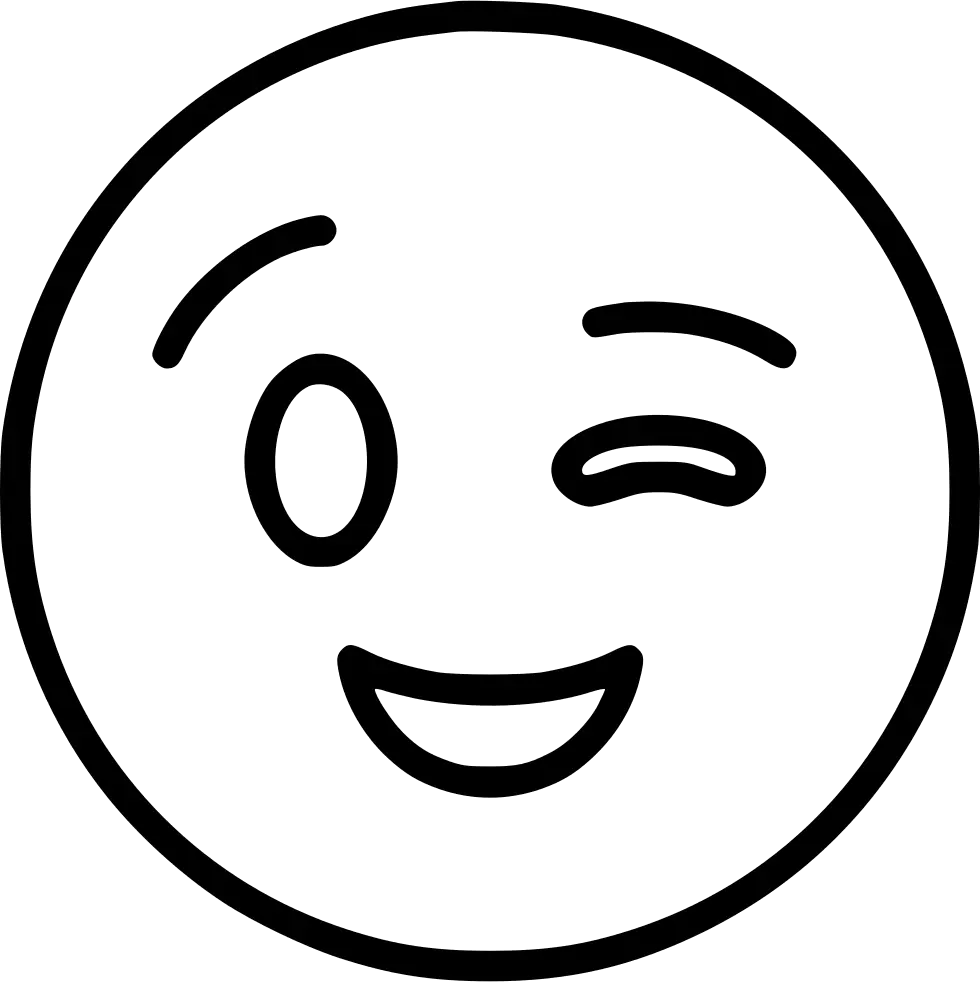 Winking Face Emoji Outline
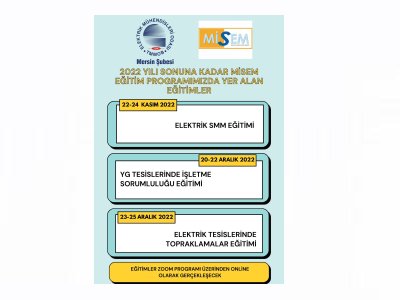 YIL SONUNA KADAR GERÇEKLEŞTİRİLECEK OLAN MİSEM EĞİTİM PROGRAMIMIZ
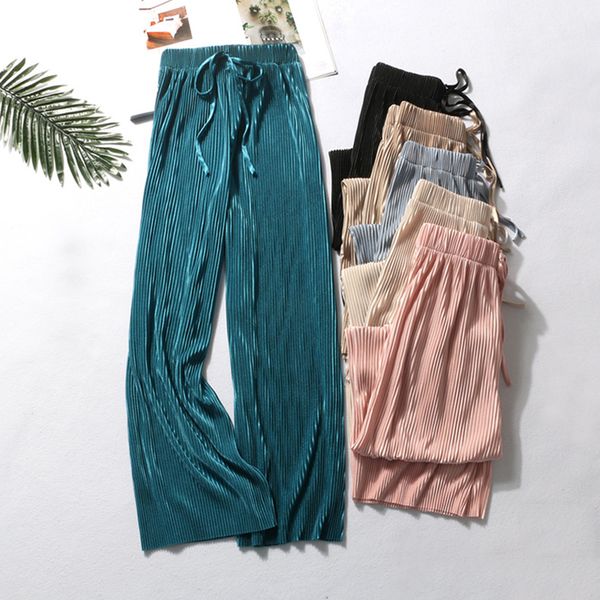 

women's pants capris women's pleated loose ice silk korean casual cropped pants wide leg trouse home classic sports wear girls clo, Black;white
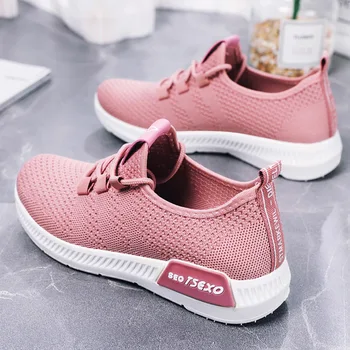 2019 Nou Casual Respirabil Pantofi pentru Femei Pantofi de alergat Confortabil Zbor Țesute Plasă Respirabil Pantofi Sport Femei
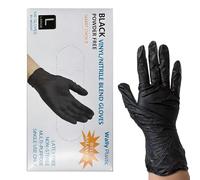 Générique Black Salon Gloves, Oil Resistant Work, Flexible Fit Latex Nitrile Touch Sensitive, Makeup Barber Salon Studio Home Travel Beauty Cosmetic, Professional Grade, Unisex Hand Protection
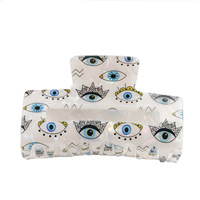 Pince à cheveux en PVC style requin personnalisée, motif œil de diable bleu, pour femmes et filles, accessoire capillaire tendance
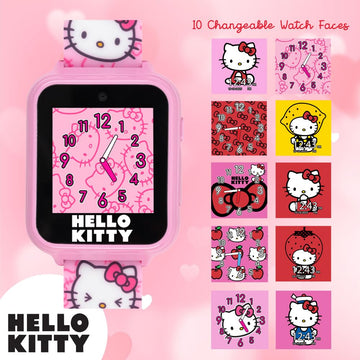 Accutime Hello Kitty Kids Smartwatch - 40mm Interactive Touchscreen, Pink Strap, Camera, Games, Model HK4185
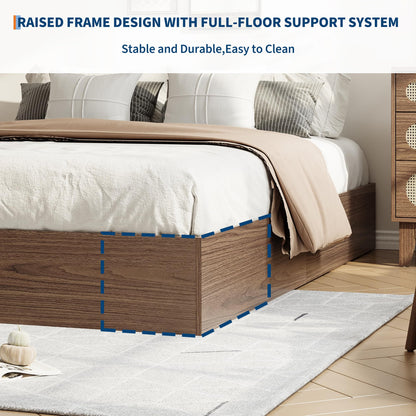 IDEALHOUSE Full Bed Frame with 2 Storage Drawers, Wooden Bed Frame Without Headboard, Minimalist Floor Platform Bed, Wood Slat Support, Noise Free, No Box Spring Needed, Easy Assembly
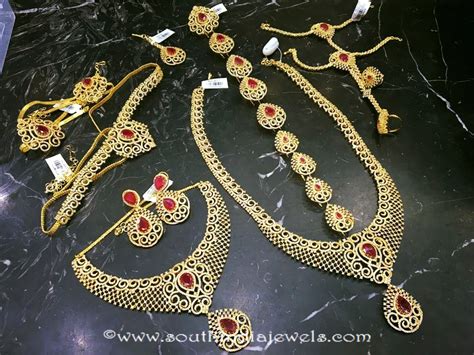 Imitation Ruby Bridal Jewellery Set South India Jewels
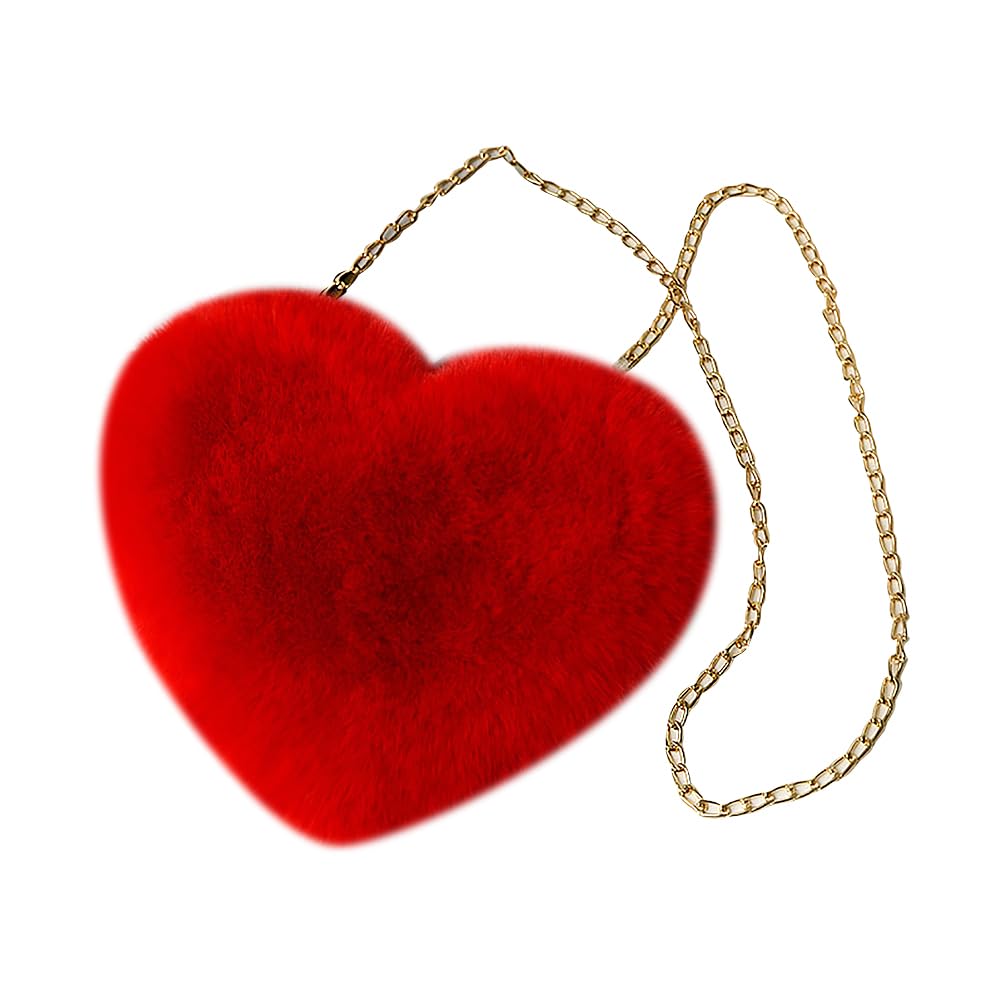 Hugede Women's Red Heart Shaped Faux Fur Purse Fluffy Shoulder Bag Cute Crossbody Purses Soft Fuzzy Handbag Plush Handle Purse For Valentine's Day Girls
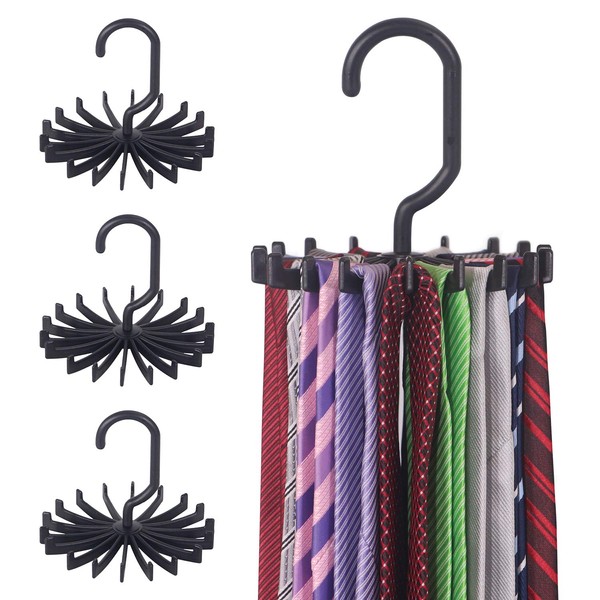 4 Pack Tie Rack Hanger Holder Hooks Organizer for Mens,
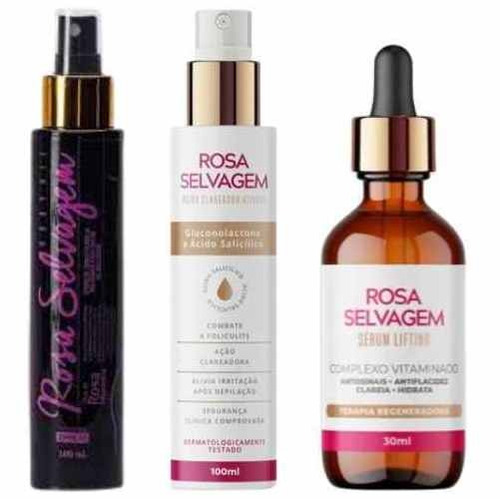  Kit Rosa Selvagem Óleo Clareador + Ácido + Sérum Lifting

■ ■ ■ ■

• **EXERCISE REQUIREMENTS**:
Copy out, exactly and without pictures, each line from the one containing "Accutime Hello Kitty" through the final line of the entries, both ends included.

• **WRITTEN SOLUTION**:
 Accutime Hello Kitty Kids Smartwatch - 40mm Interactive Touchscreen, Pink Strap, Camera, Games, Model HK4185
 IDEALHOUSE Full Bed Frame with 2 Storage Drawers, Wooden Bed Frame Without Headboard, Minimalist Floor Platform Bed, Wood Slat Support, Noise Free, No Box Spring Needed, Easy Assembly
 Imitation Ruby Bridal Jewellery Set South India Jewels
 Hugede Women's Red Heart Shaped Faux Fur Purse Fluffy Shoulder Bag Cute Crossbody Purses Soft Fuzzy Handbag Plush Handle Purse For Valentine's Day Girls
 4 Pack Tie Rack Hanger Holder Hooks Organizer for Mens,
  Kit Rosa Selvagem Óleo Clareador + Ácido + Sérum Lifting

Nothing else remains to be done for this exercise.